Precision Framing was a subcontractor on a commercial project. It hired Inland Empire Truss as a subcontractor to provide trusses. It is not clear to me that Inland was really a subcontractor as they simply fabricated and delivered the trusses. Precision Framing recorded a lien. The court ruled the lien was filed prematurely and was void.
In this case the timeline is quite important:
|August||Trusses are installed by Precision, after Inland delivers the trusses.|
|Late August||Some repairs to the trusses are carried out.|
|December 9||The city sends a second correction notice regarding the trusses that does not get to Precision.|
|December 23||“The general contractor found that Precision’s work was complete and fully in compliance with the plans and specifications. At that point, according to both Mears and the general contractor, Precision had completed its scope of work. The city approved Precision’s framing work.”|
|January 2||Precision records a mechanic’s lien.|
|January 2 or later||The owner changes the locks on the building.|
|Late January||Precision becomes aware of the December 9 correction notice.|
|February 2||Precision locked out and can’t determine scope of issue.|
|February 12||Precision expresses continued willingness to perform repairs.|
|February 12 or 13||Inland allowed to make repairs and completes repair in two or three hours.|
Notably, the decision does not say when or if the owner had accepted the project, usually a critical event in any contract.

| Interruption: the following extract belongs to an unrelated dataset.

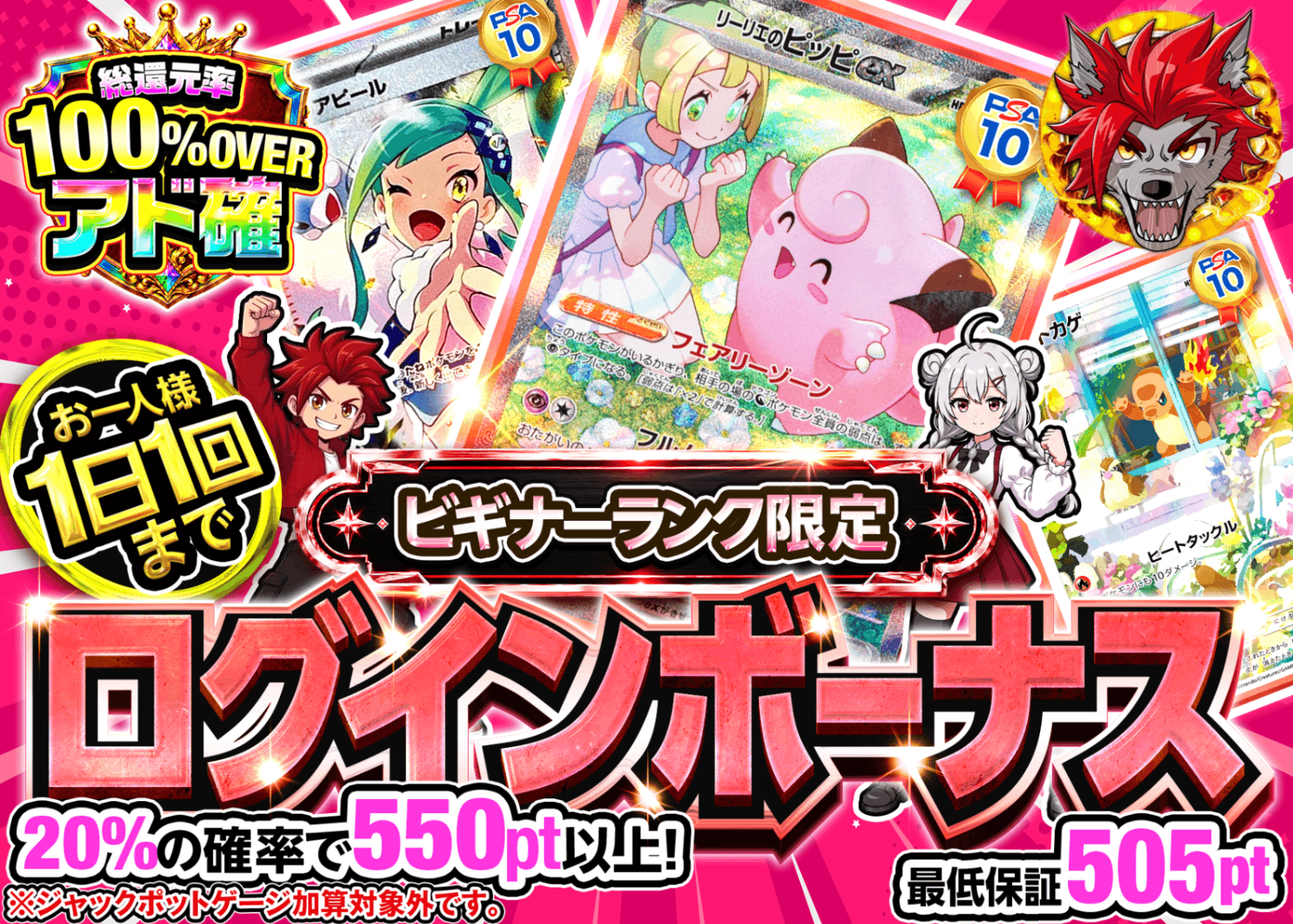 ポケカオリパ ログインボーナス (ビギナー) | クローブオリパ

A mechanic’s lien cannot be recorded until the work is complete. The court in Precision discusses what is completion at length. It concludes “Thus, a work of improvement, as a whole, can include both construction and repairs.” There is no detailed analysis of what constitutes a repair.
Issues were raised if the “repairs” related to the architect’s design. The court stated “First, even assuming the architect did design the trusses, the contract called for Precision to supply the trusses necessary to complete the project, not merely trusses in conformity with the plans.” (Emphasis in the opinion.) The court concludes that even if there were design issues “the repairs constituted “substantial work necessary to the completion of the contract…”

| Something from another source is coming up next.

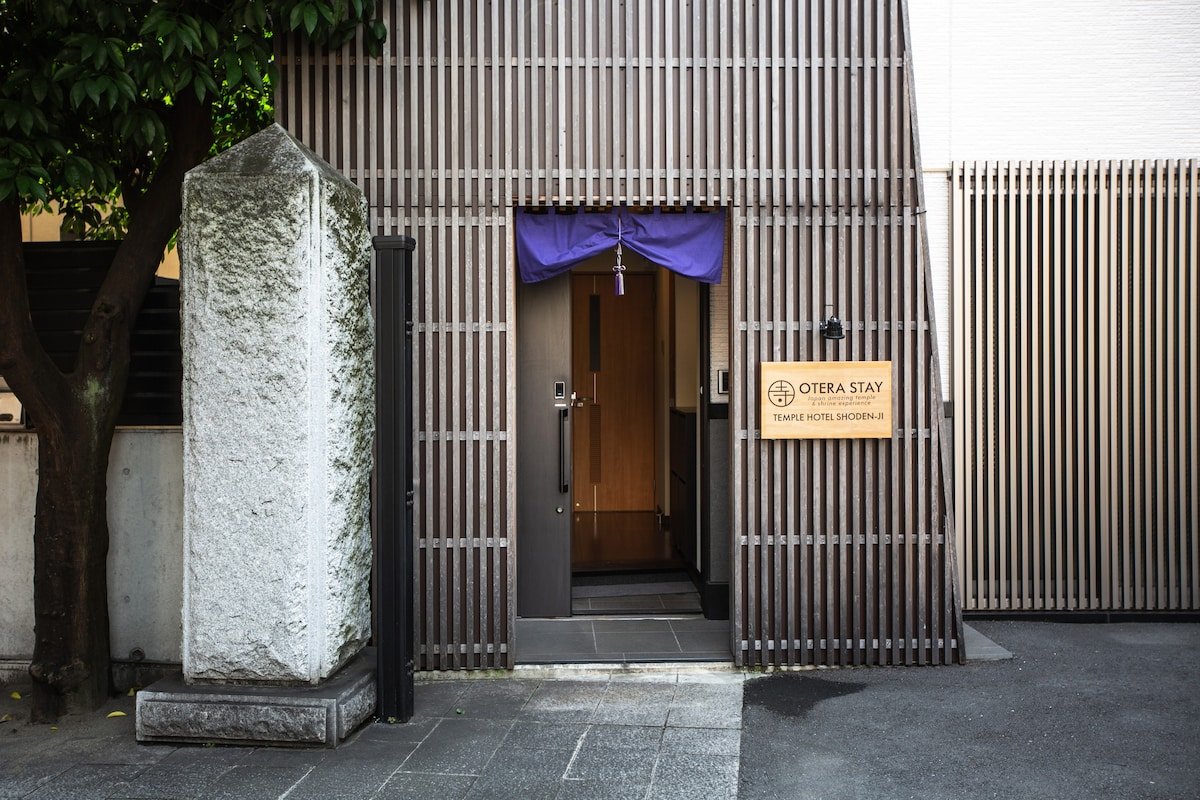 [Entire House] Stay like a Tokyoite @ mid-TKO gallery image 2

Lastly, the court states as to Precision’s lack of knowledge regarding the city’s correction notice at the time it recorded its lien “[h]owever, we have not found any case law suggesting that a claimant’s subjective knowledge or belief as to whether it has ceased to provide work is relevant.” In short, it doesn’t matter what you think or have been told, you may not be done.
The court held that Precision’s mechanic’s lien was premature and thus void. By the time the court ruled, it was far too late to record a new lien.
Where does the Precision case leave contractors and subcontractors? It may be that you can’t ever really know if your lien is premature. A sly owner can now find “necessary repairs” and then declare the lien is premature. This is particularly problematic since the work is not limited to a punchlist of incomplete items, to which acceptance is usually subject. Completion now requires that all repairs, known and unknown be completed for a lien to be valid. This raises other questions. Can a warranty claim, particularly one in the first 90 days after completion also subvert a mechanic’s lien?
This is a ruling that begs for an appeal. Contractors and subcontractors are entitled to a system where they can reliably know when to record a lien. Now they are squeezed between worrying the line is premature or that it is too late. Is the foreclosure period now 90 days after the last necessary repair is done (perhaps that could redeem the decision for contractors)? The window for recording a mechanic’s lien is now unclear, if not opaque.
I have serious concerns about this opinion.